With the constant barrage of side effects linked to various antidepressant medications, it can be daunting to try to find one that is deemed safe. SSRIs like Paxil and Effexor have long been proven to be dangerous, so the question remains — are any antidepressant medications safe?
Research has shown that SSRI medications like Paxil and Effexor have the potential to be fatal for some users. Those drugs are linked with a variety of adverse side effects including aggressive behavior and suicidal thoughts and behaviors. The drugs have also been linked to birth defect in babies whose mothers take the drugs while pregnant. SSRIs like Paxil and Effexor have also caused such aggressive behaviors that patients taking the drugs have been known to commit homicides. As if that wasn’t bad enough, the drugs are highly addictive. Most patients that try to come off of the drugs experience severe withdrawal symptoms.
The other type of antidepressant are Tricyclics, which are still used for severe depression (such as doxepin and amoxapene), but they also have side effects which include confusion and seizures. Finally, there is Noradrenaline Reuptake Inhibitors (NARI) such as Reboxetine; however, it’s not currently available in the United States. NARI medications work similarly to SSRIs but boast fewer adverse side effects.
Tricyclics seem to be the safer alternative to SSRIs, but not by much.

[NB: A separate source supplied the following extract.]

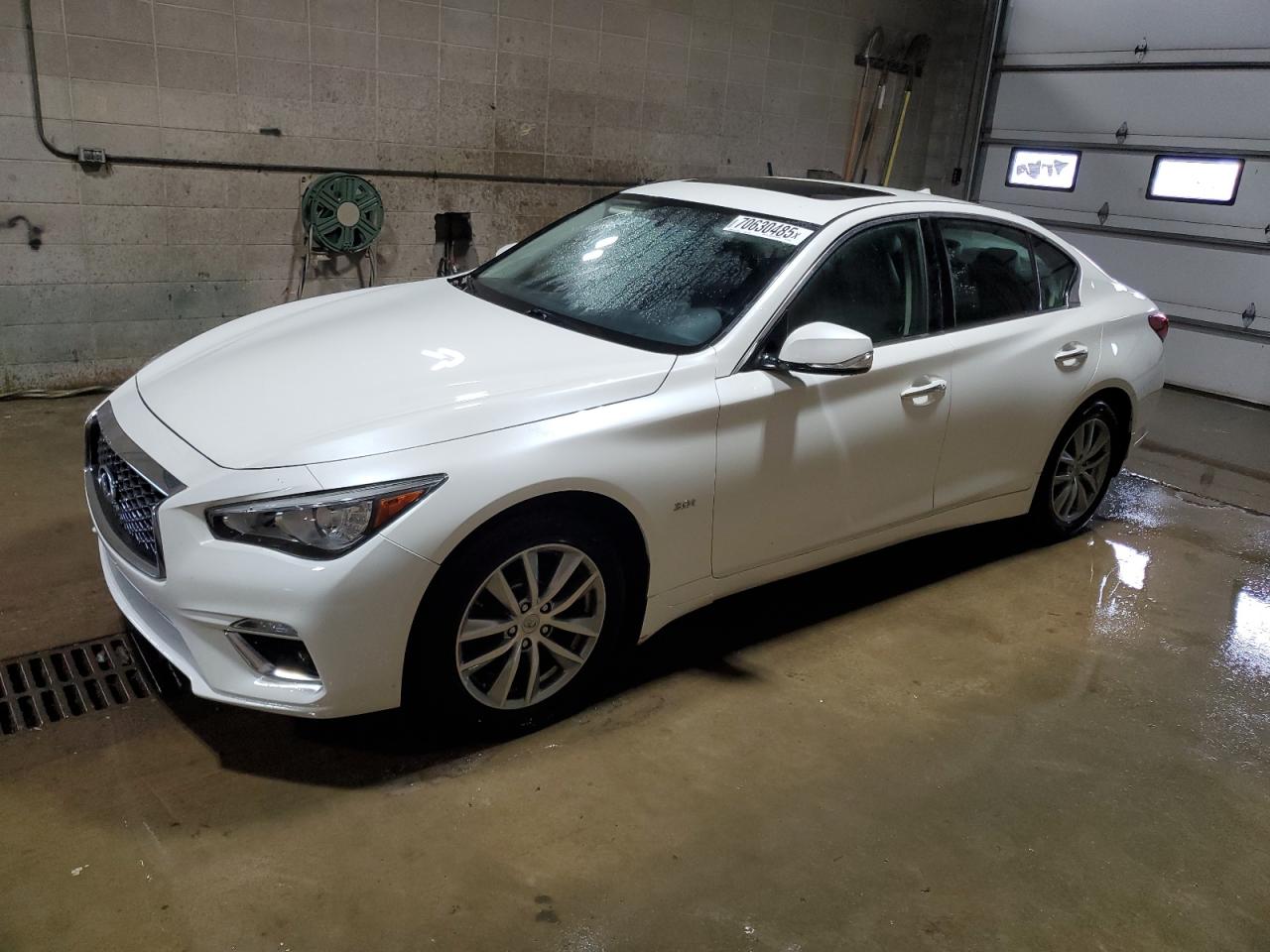 INFINITI Q50 LUXE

The fact is that there isn’t any certain way to assume that antidepressants are useful at all, since research is starting to show that these medications may not work any better than talk therapy and exercise. In fact, many doctors are starting to prescribe lifestyle changes over medications as a means of safely treating depression. The reason for this is because is there is even research that has proven that antidepressants don’t work any better than placebos at treating depression.
Still, antidepressant medication prescriptions are up 400 percent according to the newest research. That just doesn’t add up when you consider the risk-to-benefit ratio. Until people realize that they don’t need pills to cure all of their symptoms, prescriptions will likely continue to rise.